Each input vector is made by data collected simultaneously from the 4 measuring locations, as per Eq. (2). From the signals collected at each of the bearings, the selected parameters from both domains are calculated. Equation (3) represents the values corresponding to the \(j\)-bearing, with \(j=1\dots 4\), of the \(i\)-sample, with \(i=1\dots p\).

$${x}_{i}=\left[\begin{array}{c}{B}_{1,i}\\ {B}_{2,i}\\ {B}_{3,i}\\ {B}_{4,i}\end{array}\right]$$
(2)
$${B}_{j,i}=\left\{\begin{array}{c}{RMS}_{j,i}\\ {K}_{j,i}\\ {{2x}_{n}}_{j,i}\\ {{3x}_{n}}_{j,i}\\ {{SE}_{n}}_{j,i}\end{array}\right\}$$
(3)

where \({2x}_{n}\) and \({3x}_{n}\) are the normalised amplitudes at 2 and 3 times the rotational speed and \({SE}_{n}\) is the normalised spectrum energy from 0.4x to 7x.

5 Results

In total, there are processed 679 data samples, all collected at the steady speed of 1800 RPM or 30 Hz.

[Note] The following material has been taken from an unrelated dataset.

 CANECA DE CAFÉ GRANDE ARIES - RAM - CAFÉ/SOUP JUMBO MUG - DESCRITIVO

The quantities available per machine condition are listed in Table 1.

Table 1 Samples used per rotor condition, 1800RPM

The samples are randomly allocated into the 3 stages of the learning process, where 70% is used for training and de remaining samples equally distributed into validation and testing (15% each) early stopping method is used in this research, where a cross-validation is carried out [12].

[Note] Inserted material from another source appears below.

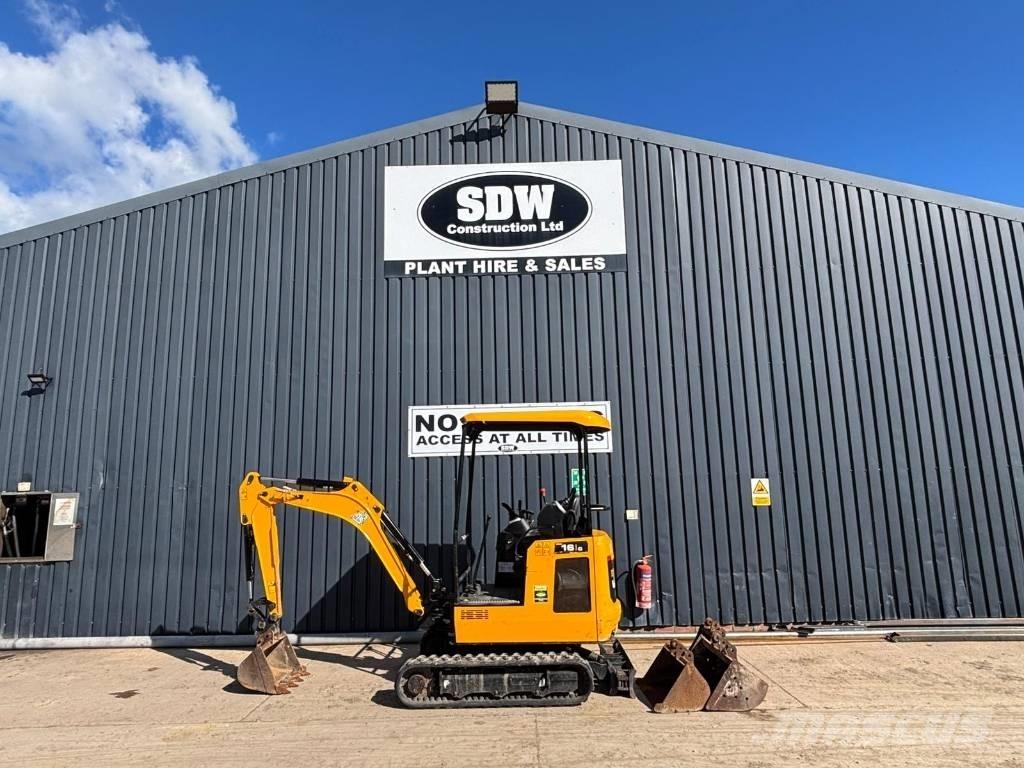JCB 16 C Mini kotrók < 7t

5.1 Step-1:Fault Detection

In the first step, the model has shown a 100% of accuracy to separate the faulty from the healthy samples. This performance is observed over the all 3 stages of the learning process (Fig. 4). The results are listed in Table 2.

Fig. 4
A bar graph of performance in percentage versus training, validation, and testing in step 1, fault detection. Each has 2 bars for healthy and faulty classes. The performance is 100% for all of them.

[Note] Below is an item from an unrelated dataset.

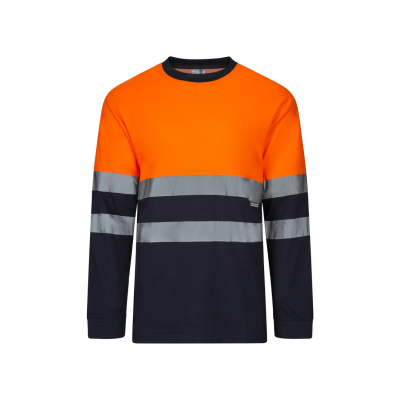 camiseta alta visibilidad manga larga personalizada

Performance (%) in Step-1, fault detection. Training, validation and testing

Table 2 Overall performance (%) Step-1: fault detection

5.2 Step-2: Fault Diagnosis

After the samples subject of faults are accurately identified in Step-1, these are now used as inputs in the ANN at Step-2.

The total inputs in Step-2 are 613, which are divided into 3 groups in order to conduct the learning process of the second network. The same allocation than in the first step is used, meaning that a 70% of the inputs are used for training, 15% for validation, and the remaining 15% of the samples is used for testing.

Excellent results are obtained, delivering a 100% of accuracy on the specific fault diagnosis. These results are listed in Table 3. Figure 5 shows the correct diagnoses per rotor fault in the training, validation and test of the ANN in Step-2.

Table 3 Overall performance (%) Step-2: fault diagnosis
Fig. 5
A bar graph of performance in percentage versus training, validation, and testing in step 2, fault diagnosis. Each has 4 bars for misalignment, bow, looseness, and rub. The performance is 100% for all of them.

Performance (%) in Step-2, fault detection. Training, validation and testing

It is important to note that the appropriate selection of features (parameters) can fully map the machine dynamics correctly, and hence this is always advantageous for the development of any reliable machine learning model even using limited data sets. This is successfully demonstrated here.

6 Concluding Remarks

In this study, the normalised vibration-based parameters are used in the earlier developed a 2-Steps SRFDM. The paper has successfully demonstrated the correct classification of the faults through a case study. The use of the normalised parameters is likely to lift limitation of the using SRFDM model for a typical machine operating at different speeds. This study is underway.